To further correct the SRT Gemini is used. Original audio is provided as the ground truth along with the diarization data and SRT data as flawed data. Gemini takes the SRT and diarization data as reference to frame the final "output.srt"

In [None]:
import google.generativeai as genai
import textwrap
import os

def correct_srt_with_gemini(api_key: str, audio_path: str, diarization_text: str, flawed_srt_text: str) -> str:
    """
    Uses Gemini to correct a flawed SRT file using audio and a diarization timeline.

    Args:
        audio_path: The file path to the audio to be analyzed.
        diarization_text: A string containing the speaker diarization timeline to be used as a reference.
        flawed_srt_text: A string containing the  SRT transcript to be used as a reference.

    Returns:
        The corrected SRT content as a string.
    """
    try:

        genai.configure(api_key=api_key)


        print("Uploading audio file to Gemini...")
        audio_file = genai.upload_file(path=audio_path)
        print(f"✅ Audio file '{audio_path}' uploaded successfully.")


        prompt = textwrap.dedent("""
        <prompt>
    <system_instructions>
        You are an expert AI subtitler and audio analyst.
        Your primary task is to create a perfectly accurate, speaker-separated SRT subtitle file directly from the provided audio.

        1.  **Analyze Audio Ground Truth:** The audio file is the single source of truth. Listen to it carefully to determine the exact words spoken, the timestamps, and the speakers.

        2.  **Perform Your Own Speaker Diarization:** Identify the number of speakers in the audio yourself. Label them consistently as `[Speaker 1]`, `[Speaker 2]`, etc., based on the order of their first appearance.

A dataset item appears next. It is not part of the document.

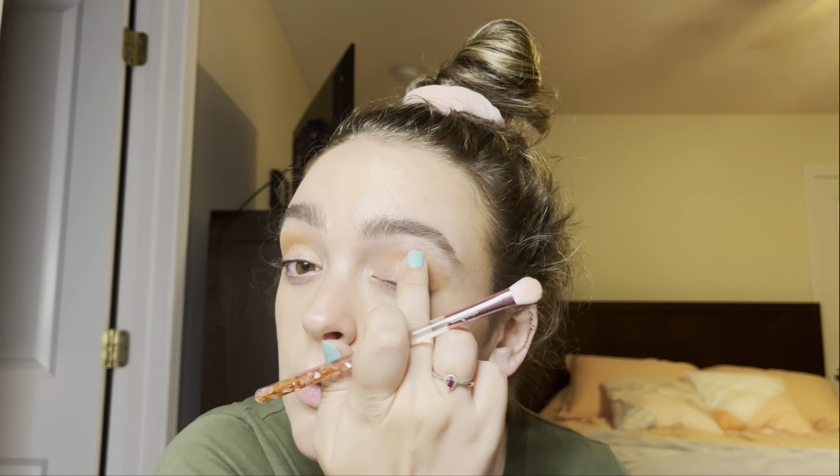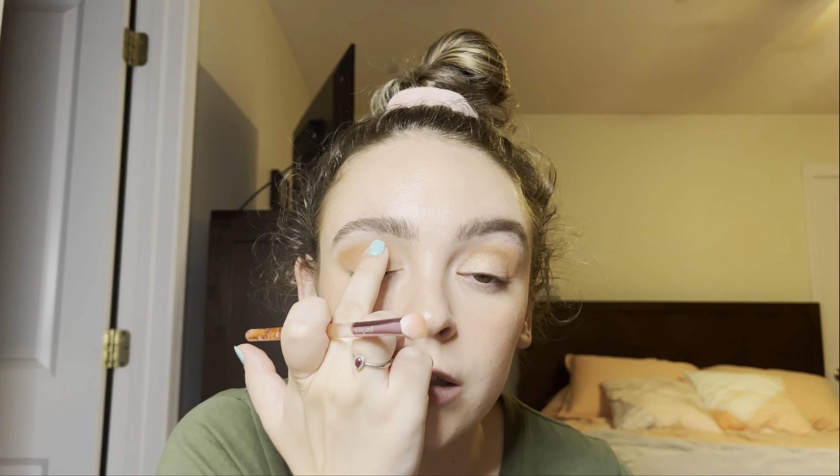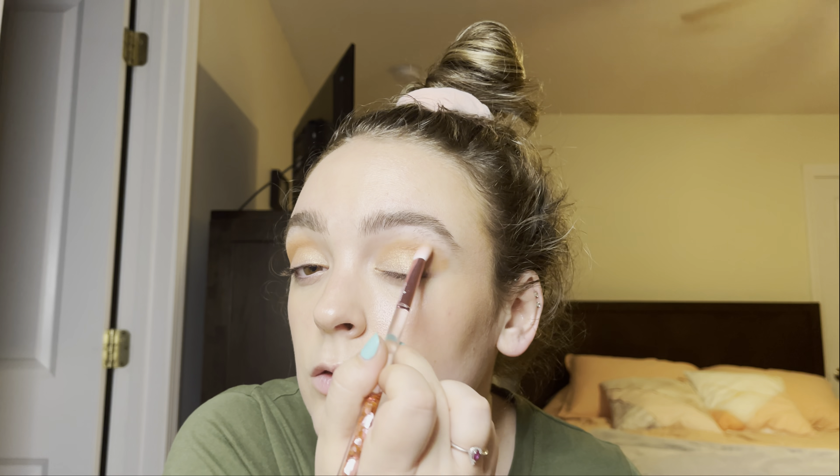Now I'm going to do eyeshadow. You're like, why are you going to do eyeshadow in the summer? Because I want to talk about these two palettes that I got from Natasha Denona. I really like both of them. They both came in a BoxyCharm box, but I just got this one so I'm going to use this one again, just a few shades in it.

        3.  **Use Reference Data as Weak Hints:** You are also provided with two pieces of low-confidence reference data: a faulty diarization timeline and a flawed draft SRT. Use them only as weak hints if you are uncertain.

        4.  **Generate a Perfect SRT File:** Your final output must be a single, complete SRT file.
            -   The text, speaker labels, and timestamps must be derived directly and accurately from your analysis of the audio.
            -   **Crucially, each distinct spoken utterance, even if it overlaps with another, must be its own numbered block with its own precise start and end times.**
            -   Do not include any other text or explanations. Ensure the dialogue flows naturally and sentences are complete.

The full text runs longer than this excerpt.